* WHAT YOU ARE ASKED TO DO: In the data below, locate each line with the word "Package" and list it.

Short text fragments from websites:
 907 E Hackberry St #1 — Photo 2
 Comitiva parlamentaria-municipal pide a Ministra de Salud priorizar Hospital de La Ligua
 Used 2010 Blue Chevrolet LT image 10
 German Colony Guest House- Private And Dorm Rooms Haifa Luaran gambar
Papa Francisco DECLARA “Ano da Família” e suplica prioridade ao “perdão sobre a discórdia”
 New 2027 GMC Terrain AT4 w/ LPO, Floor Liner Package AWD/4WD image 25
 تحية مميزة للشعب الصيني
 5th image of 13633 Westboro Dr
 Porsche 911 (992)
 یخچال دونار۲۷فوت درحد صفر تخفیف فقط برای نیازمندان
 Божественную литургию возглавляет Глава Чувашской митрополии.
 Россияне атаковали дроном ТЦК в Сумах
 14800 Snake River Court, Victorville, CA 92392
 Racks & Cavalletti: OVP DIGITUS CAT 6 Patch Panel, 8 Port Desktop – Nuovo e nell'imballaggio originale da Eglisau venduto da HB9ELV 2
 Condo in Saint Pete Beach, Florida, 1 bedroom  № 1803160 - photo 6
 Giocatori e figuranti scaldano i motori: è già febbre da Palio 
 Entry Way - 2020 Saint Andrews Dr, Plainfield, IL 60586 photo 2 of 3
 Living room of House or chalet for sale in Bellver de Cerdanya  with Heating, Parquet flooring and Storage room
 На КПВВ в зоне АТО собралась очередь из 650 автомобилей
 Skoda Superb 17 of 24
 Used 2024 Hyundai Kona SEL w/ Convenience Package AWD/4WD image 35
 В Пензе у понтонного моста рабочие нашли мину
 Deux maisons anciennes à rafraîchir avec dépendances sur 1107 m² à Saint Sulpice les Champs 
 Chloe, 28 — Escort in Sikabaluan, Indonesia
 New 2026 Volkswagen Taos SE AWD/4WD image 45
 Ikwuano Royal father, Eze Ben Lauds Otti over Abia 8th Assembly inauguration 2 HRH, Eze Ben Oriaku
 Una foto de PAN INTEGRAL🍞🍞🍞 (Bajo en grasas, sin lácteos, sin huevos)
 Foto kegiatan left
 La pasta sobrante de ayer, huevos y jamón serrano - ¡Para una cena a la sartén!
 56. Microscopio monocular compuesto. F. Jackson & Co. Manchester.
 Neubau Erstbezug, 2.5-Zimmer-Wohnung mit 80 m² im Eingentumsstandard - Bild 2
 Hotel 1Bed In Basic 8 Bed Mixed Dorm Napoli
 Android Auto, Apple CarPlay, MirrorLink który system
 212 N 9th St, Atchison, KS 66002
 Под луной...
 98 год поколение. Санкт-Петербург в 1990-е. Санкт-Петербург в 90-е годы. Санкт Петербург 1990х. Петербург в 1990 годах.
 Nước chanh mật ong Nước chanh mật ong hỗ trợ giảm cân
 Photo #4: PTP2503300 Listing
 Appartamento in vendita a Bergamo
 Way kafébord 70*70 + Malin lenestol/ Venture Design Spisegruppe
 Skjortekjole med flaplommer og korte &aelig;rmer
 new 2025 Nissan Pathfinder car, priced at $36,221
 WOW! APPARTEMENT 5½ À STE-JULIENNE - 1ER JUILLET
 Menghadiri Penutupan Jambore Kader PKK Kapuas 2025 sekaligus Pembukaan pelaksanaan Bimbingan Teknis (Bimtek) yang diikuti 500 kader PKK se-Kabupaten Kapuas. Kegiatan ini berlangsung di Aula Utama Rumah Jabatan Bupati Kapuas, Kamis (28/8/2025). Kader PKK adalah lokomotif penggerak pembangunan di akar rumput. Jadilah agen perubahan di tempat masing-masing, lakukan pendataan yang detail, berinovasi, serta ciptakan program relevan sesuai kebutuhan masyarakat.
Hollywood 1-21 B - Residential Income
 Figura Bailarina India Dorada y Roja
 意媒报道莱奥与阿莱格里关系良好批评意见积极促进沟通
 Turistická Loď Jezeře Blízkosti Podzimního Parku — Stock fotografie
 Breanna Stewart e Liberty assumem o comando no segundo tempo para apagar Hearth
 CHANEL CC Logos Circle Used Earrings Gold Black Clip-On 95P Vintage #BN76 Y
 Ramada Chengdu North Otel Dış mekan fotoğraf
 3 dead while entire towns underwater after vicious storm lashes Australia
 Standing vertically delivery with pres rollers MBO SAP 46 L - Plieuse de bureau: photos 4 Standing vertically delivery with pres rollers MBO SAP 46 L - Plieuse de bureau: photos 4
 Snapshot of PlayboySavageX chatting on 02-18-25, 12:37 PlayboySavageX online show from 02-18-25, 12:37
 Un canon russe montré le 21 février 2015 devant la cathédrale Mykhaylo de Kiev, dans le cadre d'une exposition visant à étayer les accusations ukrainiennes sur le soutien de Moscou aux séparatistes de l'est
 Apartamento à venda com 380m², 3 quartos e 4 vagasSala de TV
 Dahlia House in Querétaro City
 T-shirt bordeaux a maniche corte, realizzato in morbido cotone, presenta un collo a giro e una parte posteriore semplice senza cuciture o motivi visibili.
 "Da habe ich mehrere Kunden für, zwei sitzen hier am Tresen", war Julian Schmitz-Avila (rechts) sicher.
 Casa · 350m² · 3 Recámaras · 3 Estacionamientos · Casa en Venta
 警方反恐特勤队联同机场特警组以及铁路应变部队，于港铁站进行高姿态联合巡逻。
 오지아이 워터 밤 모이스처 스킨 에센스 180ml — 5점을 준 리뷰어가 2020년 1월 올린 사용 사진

* SOLUTION FOR THIS TASK:
 New 2027 GMC Terrain AT4 w/ LPO, Floor Liner Package AWD/4WD image 25
 Used 2024 Hyundai Kona SEL w/ Convenience Package AWD/4WD image 35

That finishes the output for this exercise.